Il ne manque plus qu’une volonté politique suffisante pour suivre le réveil allemand.

Et peut-être aussi un début de réveil ailleurs en Europe, puisque le Tribunal administratif de Lombardie vient d’ordonner au Politecnico de Milan de revenir au moins partiellement à l’enseignement en italien, alors que ce prestigieux Institut polytechnique avait cédé à la même mode en Europe du Nord de l’enseignement supérieur en anglais, mode à laquelle les Valérie Pécresse, Pierre Tapie, Richard Descoings, Geneviève Fioraso, ont succombé chez nous.

Serons-nous les derniers à réagir, nous qui fûmes les premiers dans les années soixante hélas oubliées ?

Albert Salon, docteur d’Etat ès lettres,
ancien ambassadeur, président d’Avenir de la langue française (ALF).

*Les Anglo-saxons, après leurs victoires sur l’Allemagne dans les deux guerres mondiales, ont très vite milité pour le redressement, voire la remilitarisation, de leur « cousin germain » vaincu, surtout pour faire équilibre à la France.

**Le Verein deutsche Sprache (VDS), qui a plusieurs dizaines de milliers de membres, est partenaire d’actions communes avec Avenir de la langue française (ALF) : cf. son site www.avenir-langue-francaise.fr

2 commentaires sur L’Allemagne réaffirmerait-elle maintenant sa langue contre le « globish-pour-tous » ?

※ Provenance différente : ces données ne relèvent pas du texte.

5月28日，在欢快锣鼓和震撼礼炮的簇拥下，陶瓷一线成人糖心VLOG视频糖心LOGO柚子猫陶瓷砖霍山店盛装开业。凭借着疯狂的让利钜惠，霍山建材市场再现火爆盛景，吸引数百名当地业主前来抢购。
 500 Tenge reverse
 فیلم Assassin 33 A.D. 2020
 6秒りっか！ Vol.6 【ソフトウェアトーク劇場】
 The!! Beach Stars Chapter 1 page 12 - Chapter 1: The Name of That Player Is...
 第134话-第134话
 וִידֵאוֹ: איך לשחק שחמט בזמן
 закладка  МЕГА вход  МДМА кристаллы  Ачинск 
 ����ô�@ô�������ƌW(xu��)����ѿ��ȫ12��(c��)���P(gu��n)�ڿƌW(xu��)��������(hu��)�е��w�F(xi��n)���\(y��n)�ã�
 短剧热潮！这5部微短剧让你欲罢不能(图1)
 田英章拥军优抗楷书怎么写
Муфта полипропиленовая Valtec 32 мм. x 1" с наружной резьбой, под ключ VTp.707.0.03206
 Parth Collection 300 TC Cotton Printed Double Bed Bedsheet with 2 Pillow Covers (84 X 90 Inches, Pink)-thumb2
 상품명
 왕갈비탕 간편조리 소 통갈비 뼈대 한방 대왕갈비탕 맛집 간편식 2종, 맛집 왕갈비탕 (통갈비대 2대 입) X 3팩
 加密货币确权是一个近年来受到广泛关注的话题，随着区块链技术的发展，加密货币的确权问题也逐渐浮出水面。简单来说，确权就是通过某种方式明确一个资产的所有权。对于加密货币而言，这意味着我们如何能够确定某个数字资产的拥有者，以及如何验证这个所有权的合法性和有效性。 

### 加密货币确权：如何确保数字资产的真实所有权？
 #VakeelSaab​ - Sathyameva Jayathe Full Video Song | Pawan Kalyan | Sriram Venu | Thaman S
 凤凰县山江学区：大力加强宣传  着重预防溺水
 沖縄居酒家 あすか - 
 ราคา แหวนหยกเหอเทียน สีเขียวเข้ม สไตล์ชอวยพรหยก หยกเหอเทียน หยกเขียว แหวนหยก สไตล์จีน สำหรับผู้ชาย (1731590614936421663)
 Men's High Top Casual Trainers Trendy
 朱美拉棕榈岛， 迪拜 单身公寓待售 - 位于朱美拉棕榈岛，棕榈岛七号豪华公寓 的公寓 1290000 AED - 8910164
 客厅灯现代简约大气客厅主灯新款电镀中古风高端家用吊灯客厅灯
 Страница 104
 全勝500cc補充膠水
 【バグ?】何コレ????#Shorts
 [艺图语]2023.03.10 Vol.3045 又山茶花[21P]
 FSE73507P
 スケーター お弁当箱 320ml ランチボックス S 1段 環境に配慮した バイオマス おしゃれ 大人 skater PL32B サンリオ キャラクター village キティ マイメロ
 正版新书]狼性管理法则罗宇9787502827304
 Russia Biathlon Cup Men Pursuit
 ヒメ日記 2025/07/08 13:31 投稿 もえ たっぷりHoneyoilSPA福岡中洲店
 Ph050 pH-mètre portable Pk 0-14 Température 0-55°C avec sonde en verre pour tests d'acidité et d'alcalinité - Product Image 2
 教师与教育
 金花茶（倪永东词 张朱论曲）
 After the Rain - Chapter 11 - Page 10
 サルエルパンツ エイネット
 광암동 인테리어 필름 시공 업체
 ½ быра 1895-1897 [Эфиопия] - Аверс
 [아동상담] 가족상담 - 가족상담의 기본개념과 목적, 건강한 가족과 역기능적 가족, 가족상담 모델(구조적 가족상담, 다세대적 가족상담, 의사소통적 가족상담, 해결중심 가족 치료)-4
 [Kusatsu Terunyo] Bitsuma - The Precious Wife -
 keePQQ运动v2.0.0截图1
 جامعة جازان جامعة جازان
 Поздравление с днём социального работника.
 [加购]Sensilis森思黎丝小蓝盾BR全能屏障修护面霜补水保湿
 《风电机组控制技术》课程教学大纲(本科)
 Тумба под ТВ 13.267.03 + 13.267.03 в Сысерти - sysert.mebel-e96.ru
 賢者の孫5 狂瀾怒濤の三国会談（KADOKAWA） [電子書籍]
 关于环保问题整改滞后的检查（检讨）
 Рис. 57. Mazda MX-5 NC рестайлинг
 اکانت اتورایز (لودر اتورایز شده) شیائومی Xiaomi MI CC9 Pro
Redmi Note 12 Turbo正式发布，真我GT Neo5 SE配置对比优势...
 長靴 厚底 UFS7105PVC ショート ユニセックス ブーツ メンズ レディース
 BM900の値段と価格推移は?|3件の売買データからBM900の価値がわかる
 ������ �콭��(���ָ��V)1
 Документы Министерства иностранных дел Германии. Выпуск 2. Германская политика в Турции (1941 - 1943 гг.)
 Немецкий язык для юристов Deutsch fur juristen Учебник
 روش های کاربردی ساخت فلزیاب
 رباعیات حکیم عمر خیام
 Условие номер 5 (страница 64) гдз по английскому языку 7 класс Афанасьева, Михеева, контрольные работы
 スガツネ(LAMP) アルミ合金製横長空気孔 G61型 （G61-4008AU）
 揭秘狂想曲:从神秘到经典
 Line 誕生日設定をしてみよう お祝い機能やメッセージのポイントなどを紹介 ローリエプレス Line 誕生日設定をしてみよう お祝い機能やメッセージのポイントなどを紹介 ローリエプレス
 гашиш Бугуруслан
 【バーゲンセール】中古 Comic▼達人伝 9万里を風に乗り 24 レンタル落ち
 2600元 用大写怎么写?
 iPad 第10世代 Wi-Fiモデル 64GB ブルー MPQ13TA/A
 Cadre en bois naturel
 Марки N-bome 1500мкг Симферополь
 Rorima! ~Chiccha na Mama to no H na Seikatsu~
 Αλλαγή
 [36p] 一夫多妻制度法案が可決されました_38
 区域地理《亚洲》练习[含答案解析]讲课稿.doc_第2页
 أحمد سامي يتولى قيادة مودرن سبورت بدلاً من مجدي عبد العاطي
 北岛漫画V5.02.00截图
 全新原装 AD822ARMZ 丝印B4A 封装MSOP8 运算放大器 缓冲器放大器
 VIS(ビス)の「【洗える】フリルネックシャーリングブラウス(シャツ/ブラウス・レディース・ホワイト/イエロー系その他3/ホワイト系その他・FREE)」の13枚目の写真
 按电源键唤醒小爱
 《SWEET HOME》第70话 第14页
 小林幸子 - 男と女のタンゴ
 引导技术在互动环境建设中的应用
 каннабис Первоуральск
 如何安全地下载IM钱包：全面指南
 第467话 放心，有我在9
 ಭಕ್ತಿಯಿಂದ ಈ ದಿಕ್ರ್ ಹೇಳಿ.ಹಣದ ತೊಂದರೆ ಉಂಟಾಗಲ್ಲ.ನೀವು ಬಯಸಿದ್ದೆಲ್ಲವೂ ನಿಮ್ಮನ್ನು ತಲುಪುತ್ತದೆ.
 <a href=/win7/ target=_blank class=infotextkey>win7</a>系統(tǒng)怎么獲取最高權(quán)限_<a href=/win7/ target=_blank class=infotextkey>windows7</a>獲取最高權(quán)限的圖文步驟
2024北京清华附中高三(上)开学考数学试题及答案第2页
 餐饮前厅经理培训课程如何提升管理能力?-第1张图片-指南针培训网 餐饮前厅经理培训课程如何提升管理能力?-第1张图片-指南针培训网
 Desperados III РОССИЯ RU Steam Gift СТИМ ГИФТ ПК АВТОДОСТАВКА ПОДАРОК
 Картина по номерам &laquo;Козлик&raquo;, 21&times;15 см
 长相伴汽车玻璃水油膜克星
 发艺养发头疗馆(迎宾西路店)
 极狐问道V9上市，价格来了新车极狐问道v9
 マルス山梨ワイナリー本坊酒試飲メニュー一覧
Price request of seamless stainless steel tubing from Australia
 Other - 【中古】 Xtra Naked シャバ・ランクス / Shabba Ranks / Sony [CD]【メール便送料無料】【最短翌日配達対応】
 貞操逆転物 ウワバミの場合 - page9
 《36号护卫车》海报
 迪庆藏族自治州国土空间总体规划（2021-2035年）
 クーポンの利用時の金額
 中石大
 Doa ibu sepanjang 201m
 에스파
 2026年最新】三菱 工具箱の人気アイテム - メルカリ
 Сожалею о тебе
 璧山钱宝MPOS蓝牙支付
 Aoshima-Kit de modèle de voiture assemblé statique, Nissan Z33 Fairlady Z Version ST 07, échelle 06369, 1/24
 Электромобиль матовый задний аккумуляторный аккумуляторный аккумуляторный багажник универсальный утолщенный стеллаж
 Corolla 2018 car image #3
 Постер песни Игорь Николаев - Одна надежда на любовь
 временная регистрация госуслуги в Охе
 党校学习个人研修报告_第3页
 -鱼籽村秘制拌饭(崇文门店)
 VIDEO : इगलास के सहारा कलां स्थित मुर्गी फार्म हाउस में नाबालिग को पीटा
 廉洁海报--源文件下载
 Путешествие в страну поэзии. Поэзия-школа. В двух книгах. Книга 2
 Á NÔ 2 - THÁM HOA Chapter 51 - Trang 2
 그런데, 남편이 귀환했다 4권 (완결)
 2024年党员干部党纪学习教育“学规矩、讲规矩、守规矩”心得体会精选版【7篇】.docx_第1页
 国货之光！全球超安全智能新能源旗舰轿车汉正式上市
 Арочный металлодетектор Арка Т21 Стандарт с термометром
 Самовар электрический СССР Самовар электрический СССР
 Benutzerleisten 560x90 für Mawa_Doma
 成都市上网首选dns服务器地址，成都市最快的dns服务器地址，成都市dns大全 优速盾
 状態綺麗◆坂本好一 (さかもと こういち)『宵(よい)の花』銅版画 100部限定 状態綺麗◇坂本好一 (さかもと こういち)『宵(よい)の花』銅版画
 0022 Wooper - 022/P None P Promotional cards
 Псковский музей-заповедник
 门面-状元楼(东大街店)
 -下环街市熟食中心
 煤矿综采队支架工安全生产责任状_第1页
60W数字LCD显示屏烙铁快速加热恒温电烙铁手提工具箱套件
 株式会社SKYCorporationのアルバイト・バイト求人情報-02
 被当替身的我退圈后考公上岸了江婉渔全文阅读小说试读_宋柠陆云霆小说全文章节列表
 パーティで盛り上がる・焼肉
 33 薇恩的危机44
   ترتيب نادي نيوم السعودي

  1. Bellenger Pierre // 2 août 2013 à 10 h 21 min //

    Il y a un équilibre à trouver. Mais nous ne le trouverons pas dans une situation de domination d’un pays sur un autre. Il faut d’abord accepter collectivement un art de vivre en société qui soit fraternel. D’ailleurs, toute la crise actuelle qui n’en finit pas de ravager tous les pays réside dans l’incapacité où nous sommes, de vivre fraternellement. C’est une problème philosophique : oui ou non, voulons-nous accepter de dépasse la loi de sélection naturelle ? C’est notre mutation Sapiens qui nous y oblige. Le fait d’être devenu sapiens, nous oblige à dépasser cette loi de la sélection naturelle. Si nous nous y opposons, nous condamnons notre humanité à disparaître, car le profit financier comme moteur économique nous mènera à la destruction de la vie animale sur la planète. Il est donc obligatoire d’avoir un système économique qui soit compatible avec ce dépassement. Le Keynésisme était compatible ; nous l’avons remplacé par le monétarisme depuis le 3 Janvier 1973, et nous en vivons les conséquences. Il faut donc revenir au Keynésisme, et cela mondialement. Le néolibéralisme des ussaniens, entre temps est devenu le Monétarisme par systémisation du néolibéralisme dans les années 1958/59., et ce Monétarisme est l’application de la loi de la sélecion naturelle.
    N’y a-t-il pas à creuser du coté de cette idée d’évolution ? La civilisation nous y oblige.
    Pierre.Bellenger@wanadoo.fr

  2. La diversité donne sens à l’union alors que la fusion la dissout.
    Egalement valable pour les populations me semble-t-il.